TASK TO COMPLETE: Starting from the line that contains "SUNYO Vintage Bubbles", output every remaining line of the records below exactly as it appears, that line and the last one included.

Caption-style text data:
========

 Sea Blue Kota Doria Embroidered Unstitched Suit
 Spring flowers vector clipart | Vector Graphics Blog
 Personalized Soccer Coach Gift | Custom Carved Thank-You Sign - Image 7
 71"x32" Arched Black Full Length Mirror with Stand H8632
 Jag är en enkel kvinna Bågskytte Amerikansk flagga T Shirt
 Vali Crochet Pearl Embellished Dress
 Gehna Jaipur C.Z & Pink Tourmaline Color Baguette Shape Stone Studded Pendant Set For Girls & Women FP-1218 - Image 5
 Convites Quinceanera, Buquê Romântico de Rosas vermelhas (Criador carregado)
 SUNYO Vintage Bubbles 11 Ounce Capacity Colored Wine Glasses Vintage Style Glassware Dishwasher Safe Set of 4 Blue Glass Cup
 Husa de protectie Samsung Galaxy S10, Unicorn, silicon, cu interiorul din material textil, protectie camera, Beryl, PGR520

========

RESULT BELOW:
 SUNYO Vintage Bubbles 11 Ounce Capacity Colored Wine Glasses Vintage Style Glassware Dishwasher Safe Set of 4 Blue Glass Cup
 Husa de protectie Samsung Galaxy S10, Unicorn, silicon, cu interiorul din material textil, protectie camera, Beryl, PGR520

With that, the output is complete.